In the Catholic Church, a Mass stipend is a donation given by the laity to a priest for celebrating a Mass for a particular intention. Despite the name, it is considered as a gift or offering (stips) freely given rather than a payment (stipendium) as such.

This is usually a small amount of money determined at the discretion of the family, community or individual in question, and may vary depending on the occasion and number of attendees. As it is considered simony for priests to request payment for a sacrament, the donors decide upon the form and amount of stipend, and are received as gifts. Typically, the diocese sets a minimum donation for Mass stipends, and donors are asked to cover this amount for expenses.

Code of Canon Law, canon 945 states that
In accordance with the approved custom of the Church, any priest who celebrates or concelebrates a Mass may accept an offering to apply the Mass for a specific intention.
The donation of a stipend for the celebration of a Mass dates back to the eighth century.

== Mass cards ==

A Mass card is a card which indicates that a person, whether living or deceased, will be included in the intentions at a specific Catholic Mass or set of Masses. After donation of the Mass stipend, the card is presented to the person or, if deceased, their family. Mass cards are a relatively recent custom, with the term's first recorded use in 1930.

The large number of requests for Mass cards sometimes poses a dilemma, since an individual Mass is supposed to be celebrated for each card signed according to canon law. In a practice generally considered illicit, Mass cards are sometimes sold with a printed signature, without being linked to a specific priest or Mass being celebrated.
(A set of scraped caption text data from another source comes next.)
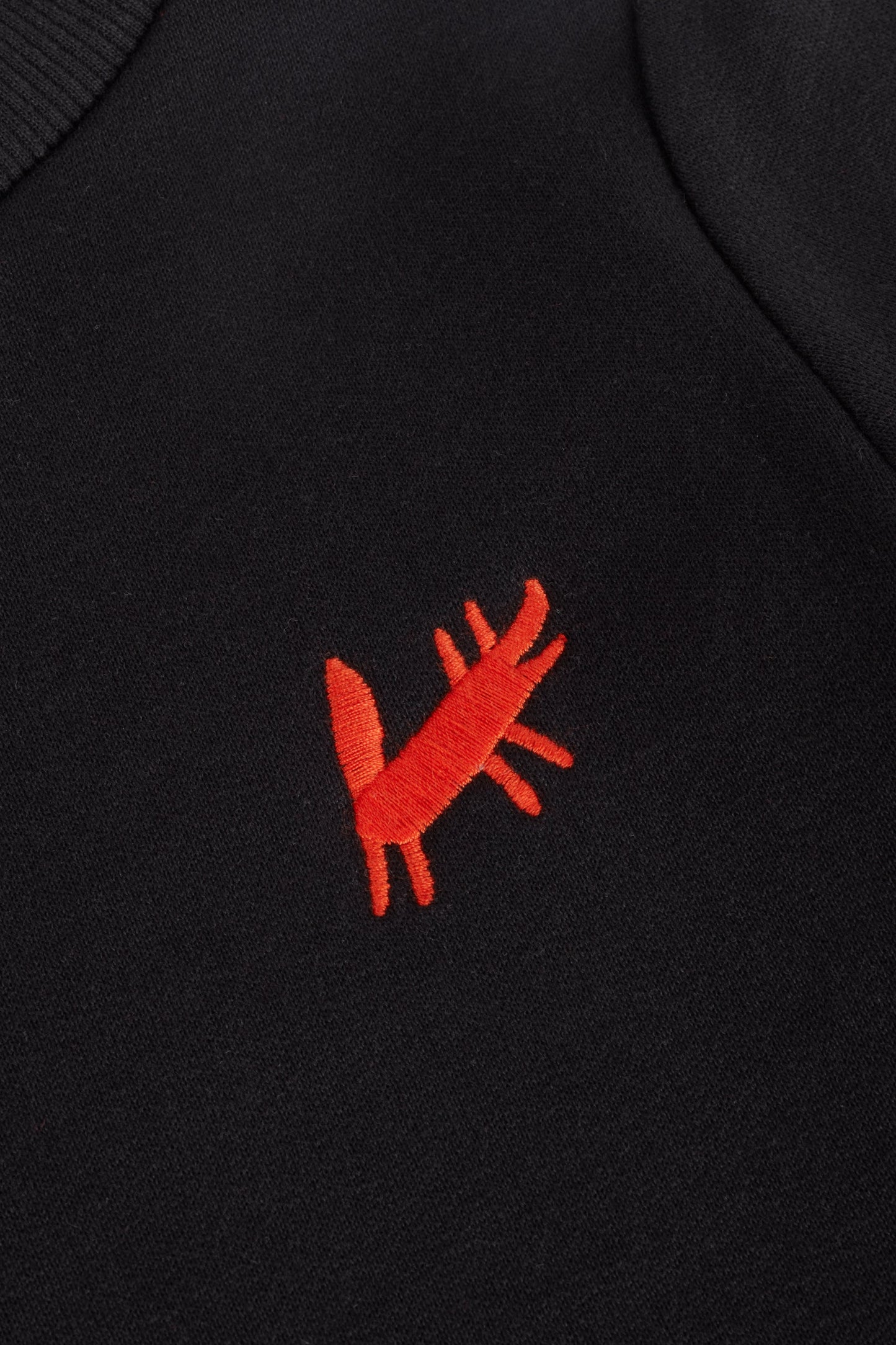 DRESS Mercedes Zebra Garden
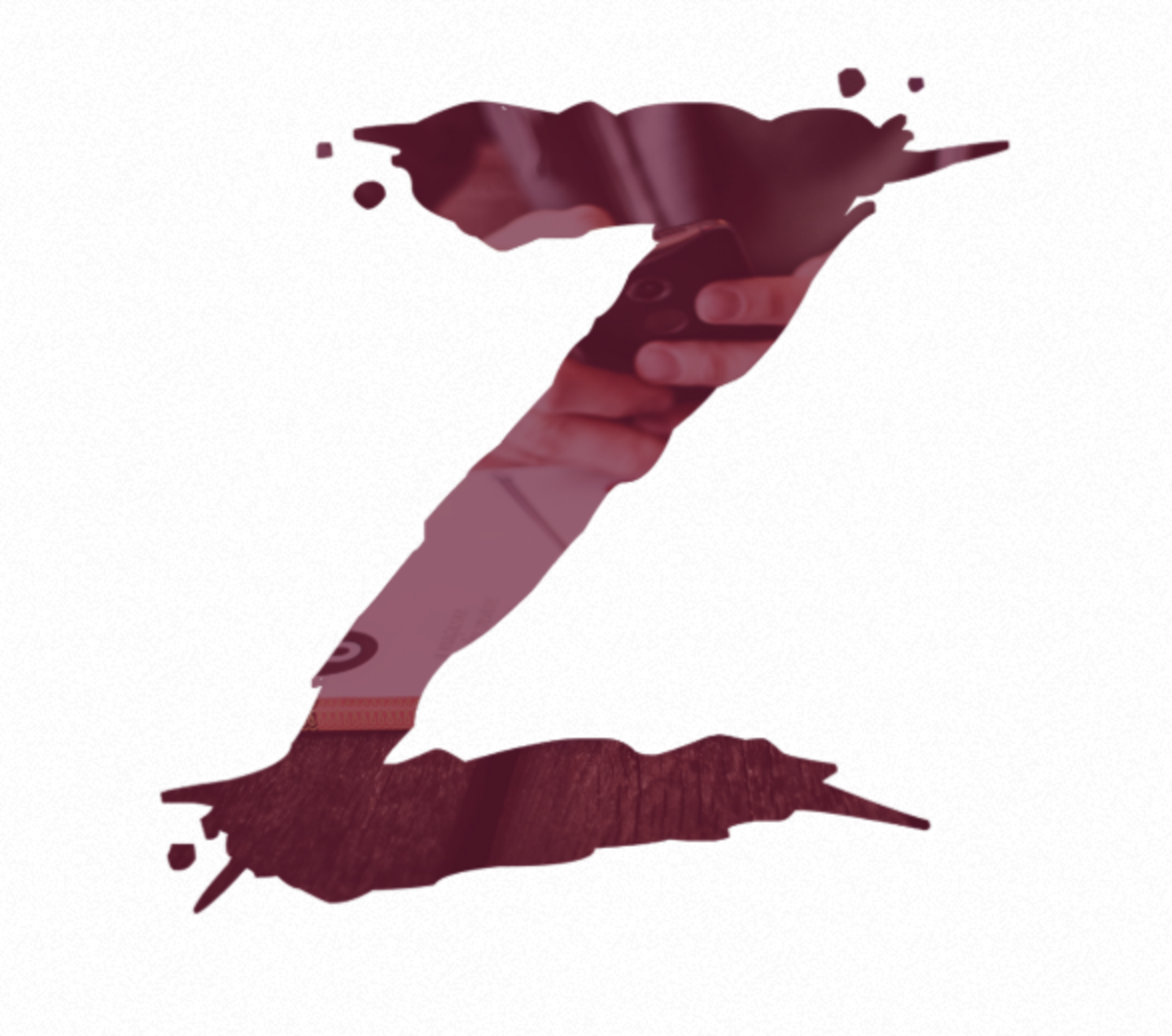 HiDubai-business-zen-interactive-technologies-b2b-services-it-services-mankhool-dubai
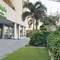 Отель Holiday Inn New Delhi International Airport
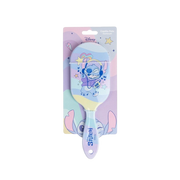 Disney Lilo & Stitch Hairbrush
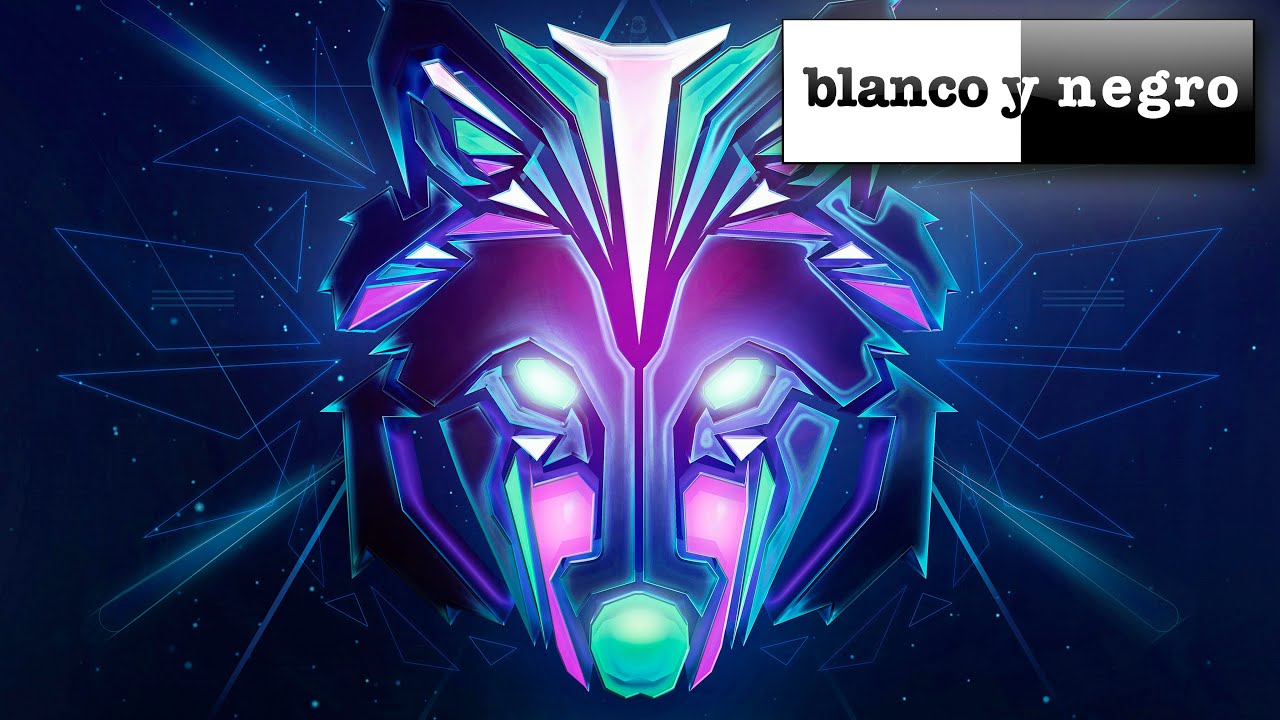 Hardwell Feat. Jake Reese - Run Wild (Alternative Edit) Official Audio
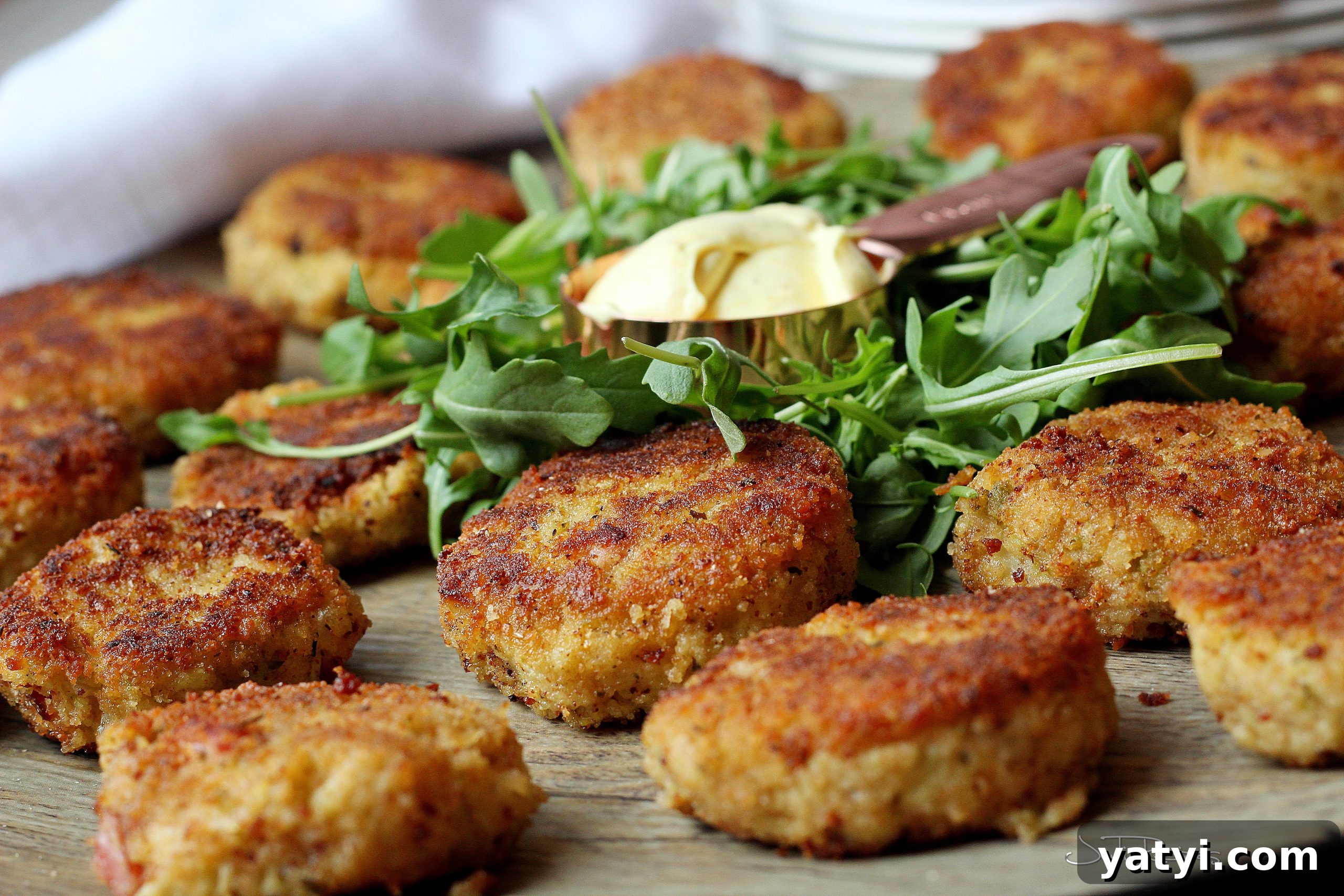 Crispy Cauliflower Fritters with Tangy Curry Dipping Sauce 13 IMG_4220logo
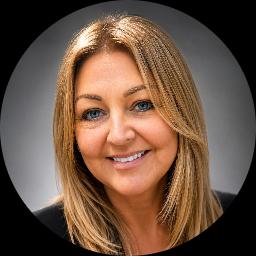 Photo of Siobhan Smith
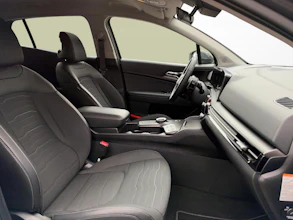 https://vehicle.imgix.net/4495809/880ff080-21ee-4c93-ad56-c99043a1e0c0.jpg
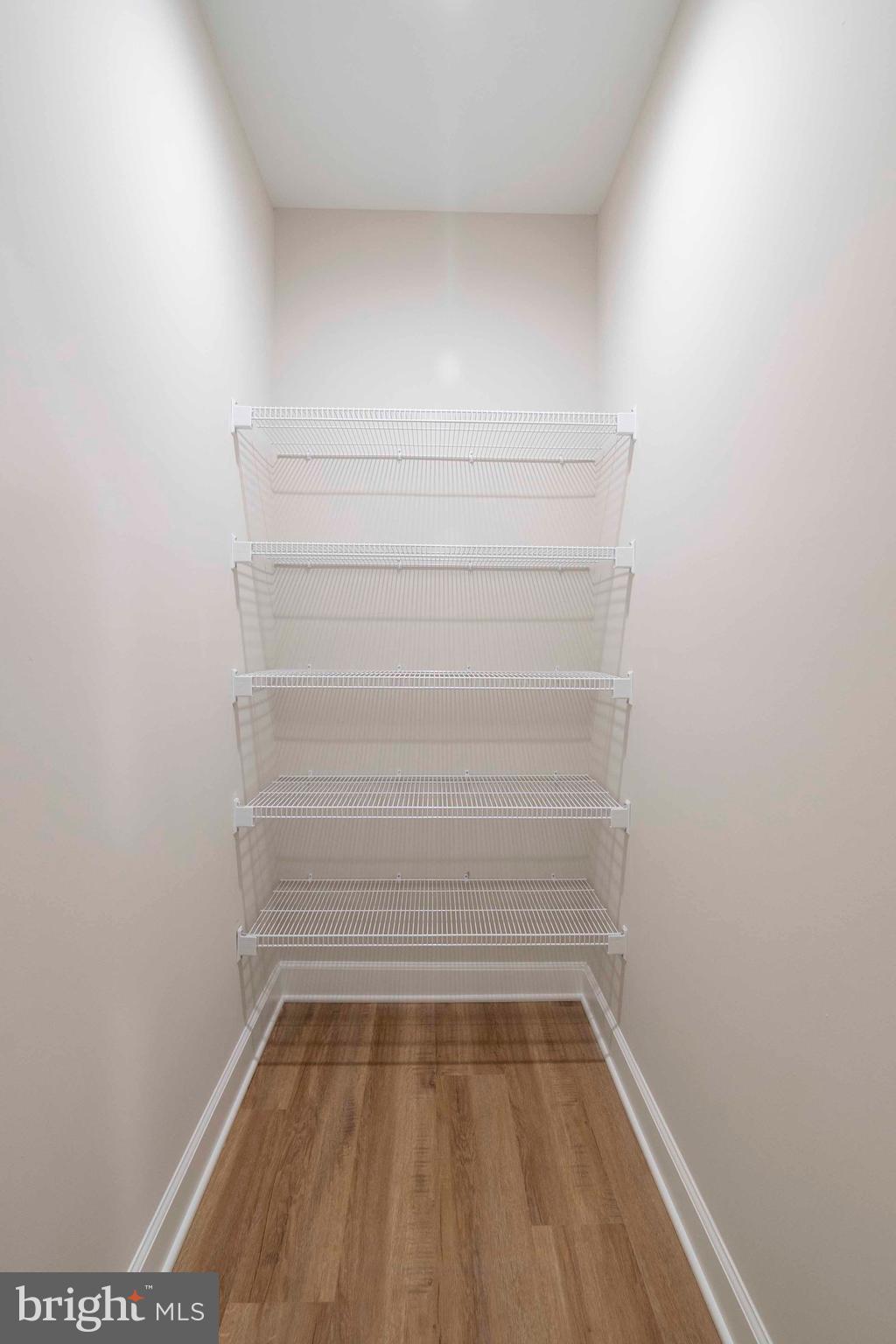 126 STRASBURG ROAD W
In Ireland, a section of the Charities Act 2009 made it illegal to sell Mass cards without an arrangement with a Catholic bishop or provincial, with conviction leading to a jail sentence of 10 years or a fine of up to €300,000. The law was upheld in a constitutional challenge in 2009, in a case where one of Ireland's largest commercial Mass card sellers had given €100 each month to a canonically suspended priest in the West Indies, who would say three Masses for about ten thousand people.